Cadbury sees strong third quarter

| October 21, 2009 | 0 Comments

The maker of Dairy Milk chocolate, Cadbury, has exceeded analysts expectations in the third quarter after reporting a 7% rise compared with the same period a year ago.

Analysts had been expected growth of around 4% and the news sent shares up 0.9% to 808p in the British confectionery giant.

Cadbury chief executive, Todd Stitzer, said: “We have great momentum in our business and our confectionery strategy continues to yield benefits beyond expectations.”

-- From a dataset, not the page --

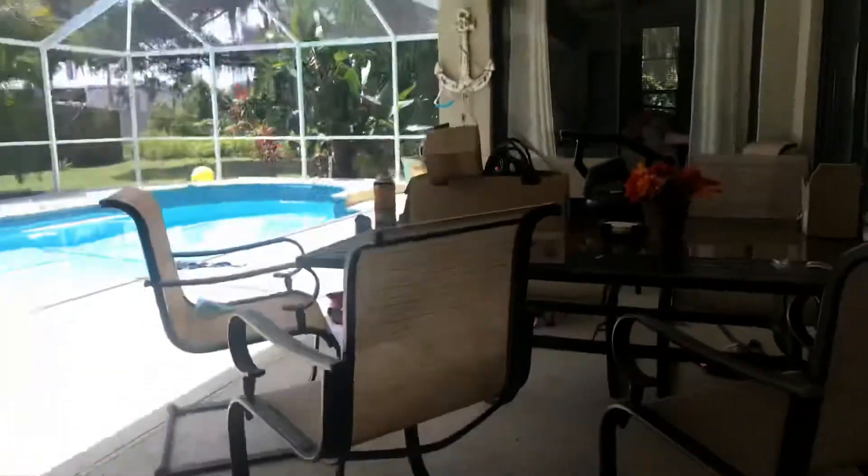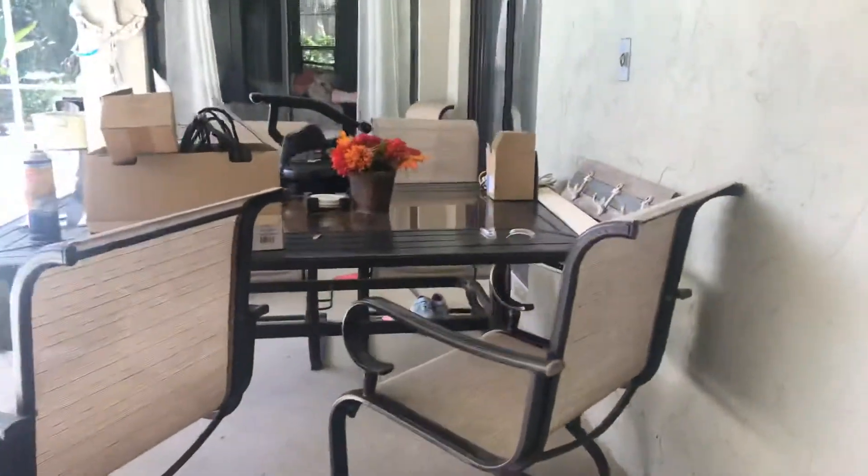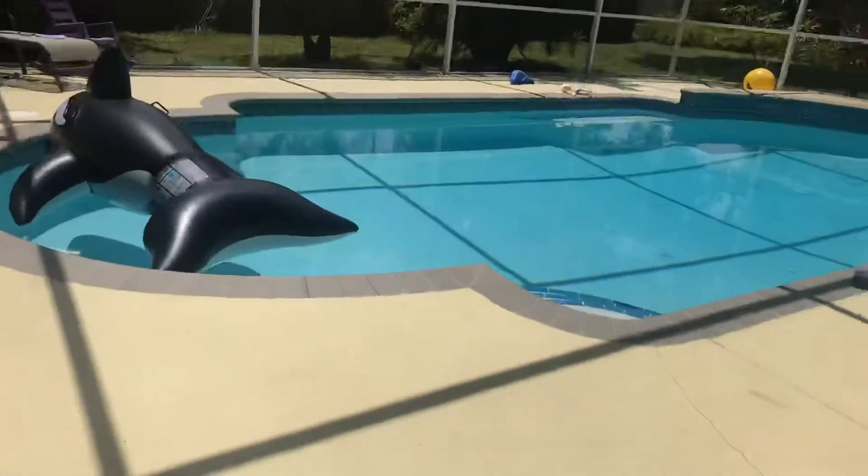There's one more place in the house I need to show you guys — my back porch. It's very messy out here, but this is our pool.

Last month, US food giant Kraft, which is renowned for brands such as Kenco coffee, Oreo biscuits, Terry’s Chocolate Orange and Toblerone, approached Cadbury with an informal offer, which the UK confectioner later rejected.

Roger Carr, chairman of Cadbury, described its US rival’s £10.2 billion takeover offer as an “unappealing” and “unattractive prospect”.

Kraft’s original approach was worth 745p per Cadbury share. However, analysts believe that today’s news might entice Kraft back with a higher offer.

The UK’s Takeover Panel has given Kraft until 9 November to make a formal offer.

As well as Dairy Milk, Cadbury also owns the Green & Black’s chocolate brand, Halls lozenges, Trident and Dentyne gum brands and liquorice allsorts maker Bassett’s.